WHAT IS REQUIRED: Images do not belong in the copy. Retype the entries exactly.

Captioned web image data:

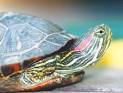 Freshwater turtles 'in decline'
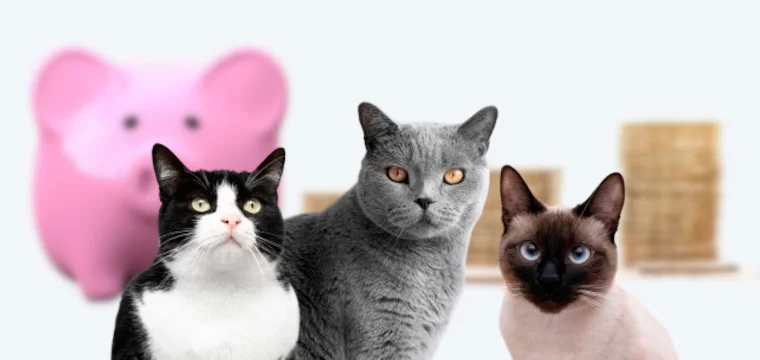assurance-chat-pas-chere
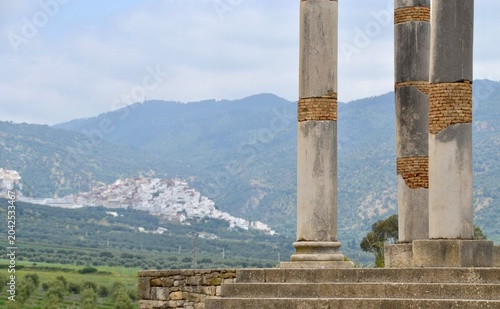 Ruins of ancient Roman city of Volubilis in Morocco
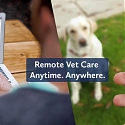 (Video) TeleVet Provides Boost To Veterinary Telemedicine With $5M Series A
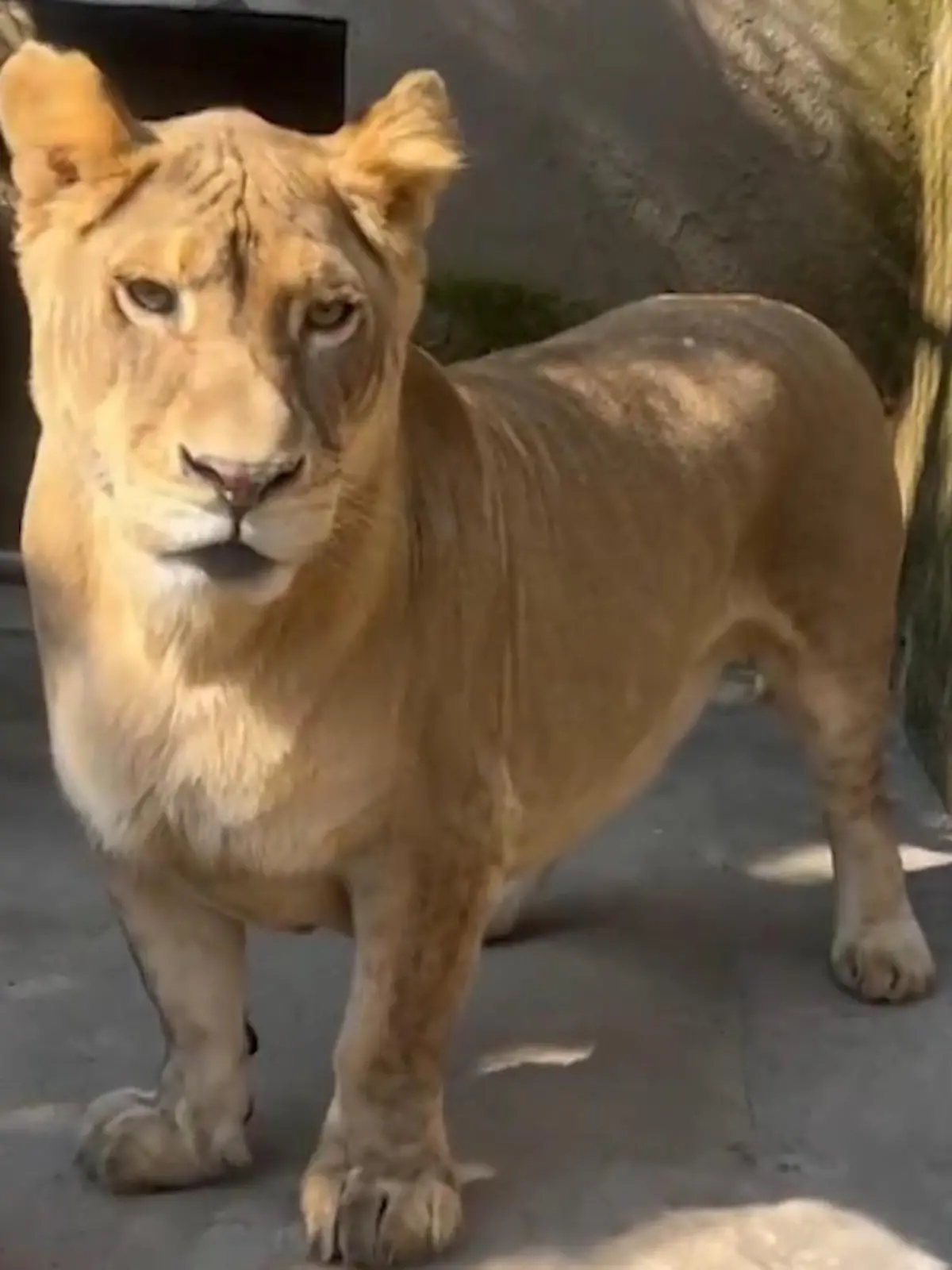 Bild zu: "Von seiner Familie gemobbt! DIESER Mini-Löwe erobert alle Besucherherzen"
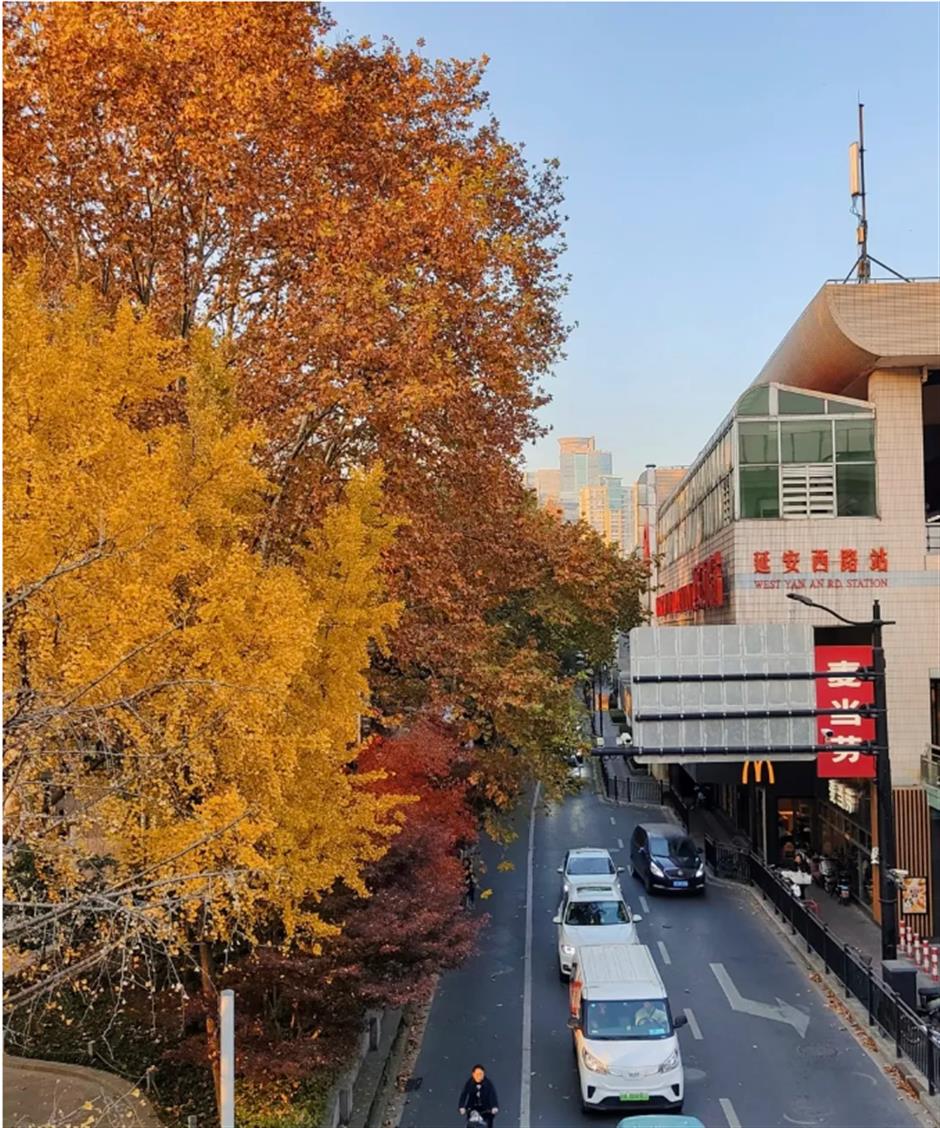 賞秋+遊園+看展！老靈額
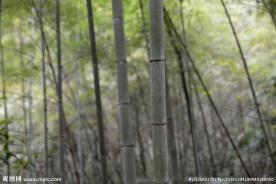 竹林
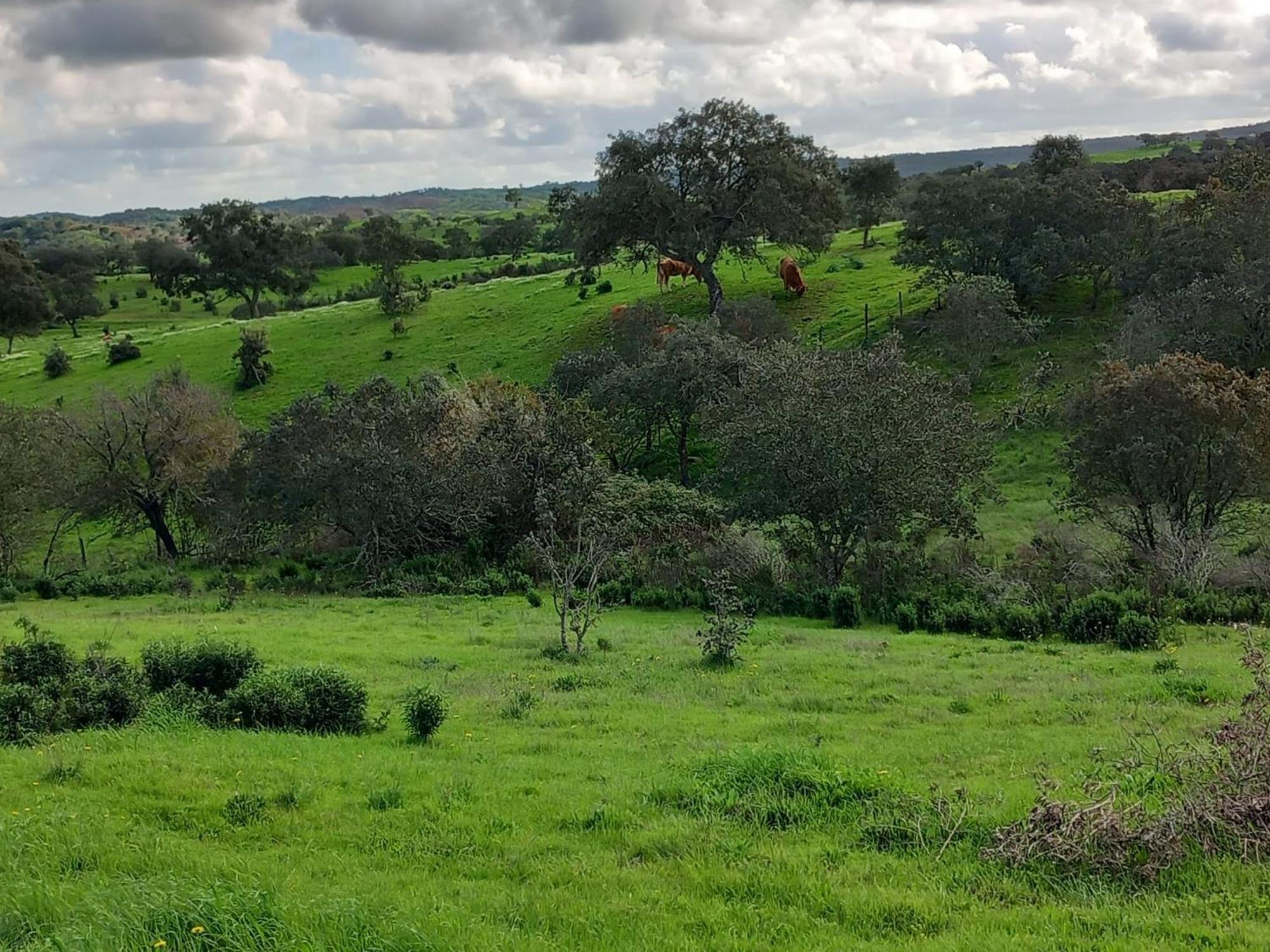 Monte Da Clareira - Comporta Carvalhal Melides Διαμέρισμα Grândola Εξωτερικό φωτογραφία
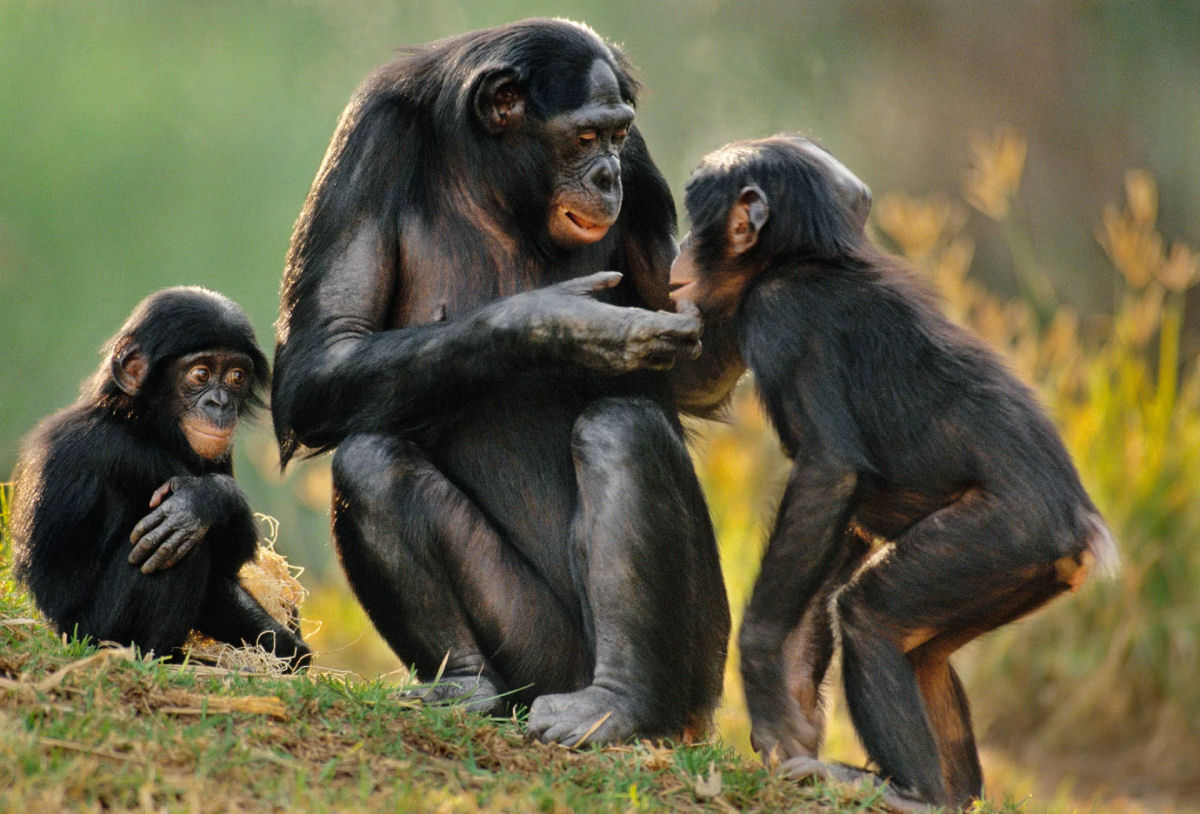 Mes bonobos arrastam seus filhos at fmeas ovulando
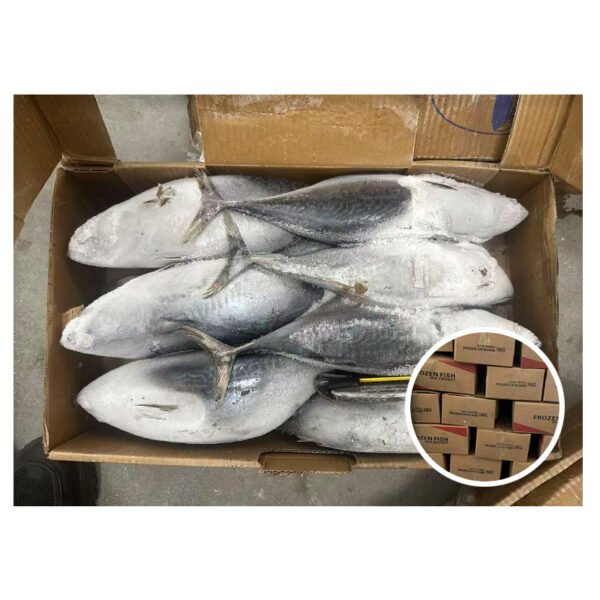 Popular Wholesale Hot for Market Tuna Popular Wholesale Hot for Market Tuna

EXERCISE OUTPUT:
 Freshwater turtles 'in decline'
assurance-chat-pas-chere
 Ruins of ancient Roman city of Volubilis in Morocco
 (Video) TeleVet Provides Boost To Veterinary Telemedicine With $5M Series A
 Bild zu: "Von seiner Familie gemobbt! DIESER Mini-Löwe erobert alle Besucherherzen"
 賞秋+遊園+看展！老靈額
 竹林
 Monte Da Clareira - Comporta Carvalhal Melides Διαμέρισμα Grândola Εξωτερικό φωτογραφία
 Mes bonobos arrastam seus filhos at fmeas ovulando
 Popular Wholesale Hot for Market Tuna Popular Wholesale Hot for Market Tuna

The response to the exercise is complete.